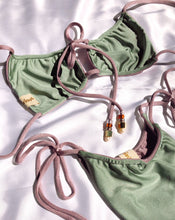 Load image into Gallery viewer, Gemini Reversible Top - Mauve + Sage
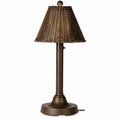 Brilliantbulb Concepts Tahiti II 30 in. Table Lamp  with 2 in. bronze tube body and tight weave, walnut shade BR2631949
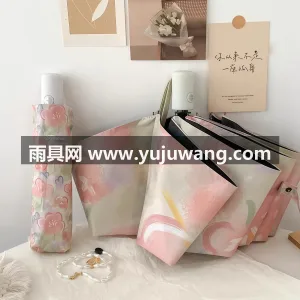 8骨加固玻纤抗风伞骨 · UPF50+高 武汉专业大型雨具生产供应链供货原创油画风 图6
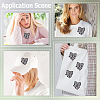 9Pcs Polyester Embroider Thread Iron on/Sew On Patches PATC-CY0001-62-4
...
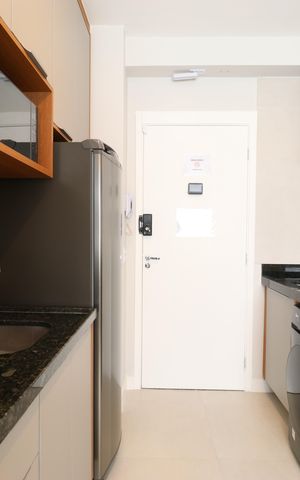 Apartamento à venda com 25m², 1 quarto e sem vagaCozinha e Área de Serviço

● Brief
Only one stretch of the material above is wanted: the line containing "Brilliantbulb Concepts Tahiti" through the line containing "9Pcs Polyester Embroider". Restate it word for word, minus the pictures.

● Finished exercise
 Brilliantbulb Concepts Tahiti II 30 in. Table Lamp  with 2 in. bronze tube body and tight weave, walnut shade BR2631949
 8骨加固玻纤抗风伞骨 · UPF50+高 武汉专业大型雨具生产供应链供货原创油画风 图6
 9Pcs Polyester Embroider Thread Iron on/Sew On Patches PATC-CY0001-62-4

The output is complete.